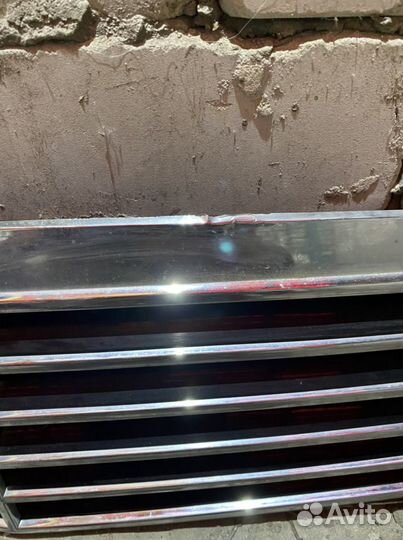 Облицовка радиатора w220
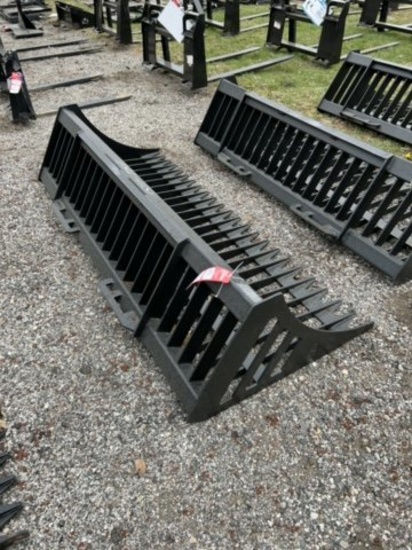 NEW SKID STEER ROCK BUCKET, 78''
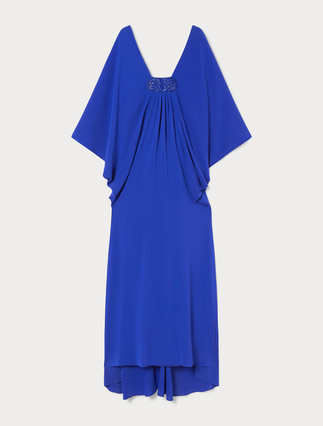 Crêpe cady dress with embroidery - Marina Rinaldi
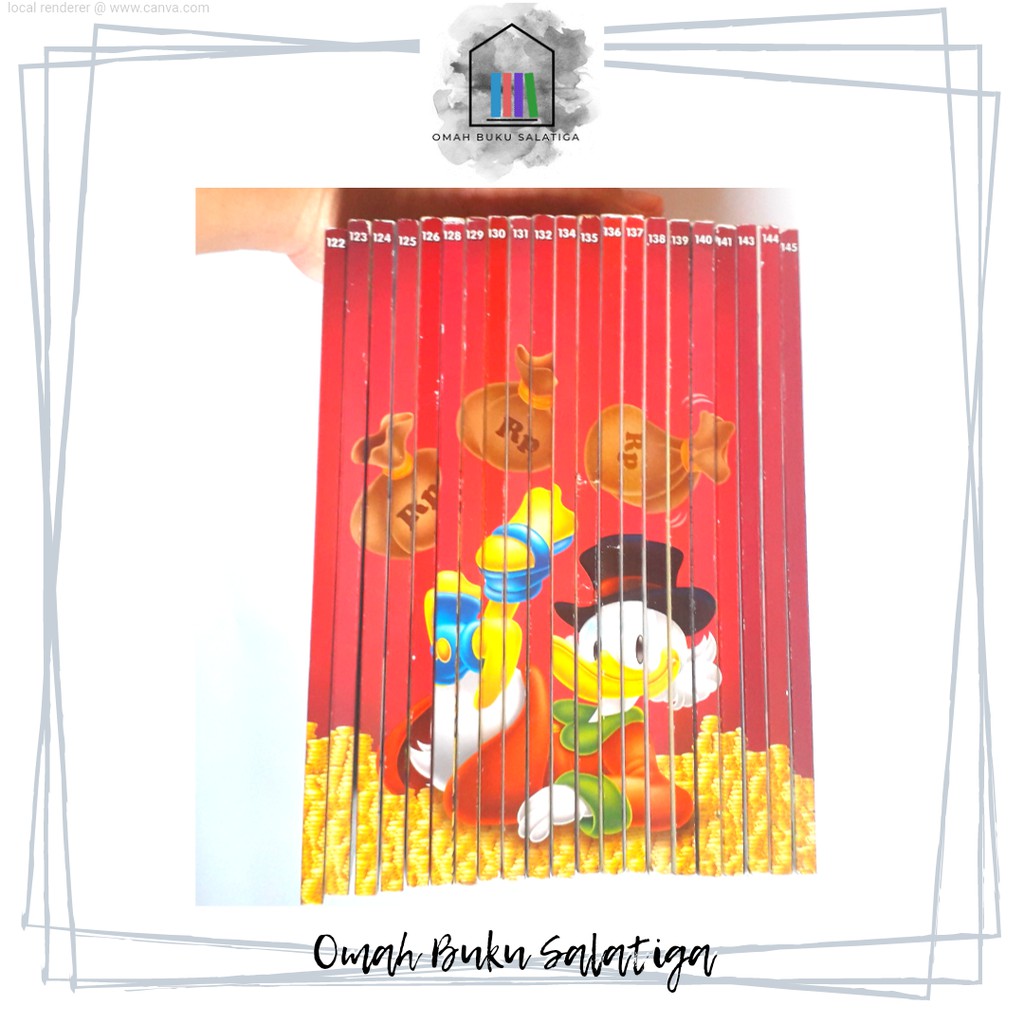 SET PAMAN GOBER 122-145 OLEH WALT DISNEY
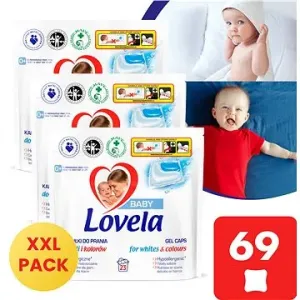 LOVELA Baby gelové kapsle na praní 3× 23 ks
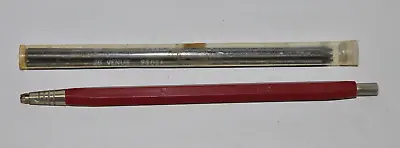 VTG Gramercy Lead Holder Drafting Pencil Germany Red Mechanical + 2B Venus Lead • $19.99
•••••
(Exercise)
What's needed is an exact copy of every entry, minus the pictures.

(Solution to this exercise)
 Облицовка радиатора w220
 NEW SKID STEER ROCK BUCKET, 78''
 Crêpe cady dress with embroidery - Marina Rinaldi
 SET PAMAN GOBER 122-145 OLEH WALT DISNEY
 LOVELA Baby gelové kapsle na praní 3× 23 ks
 VTG Gramercy Lead Holder Drafting Pencil Germany Red Mechanical + 2B Venus Lead • $19.99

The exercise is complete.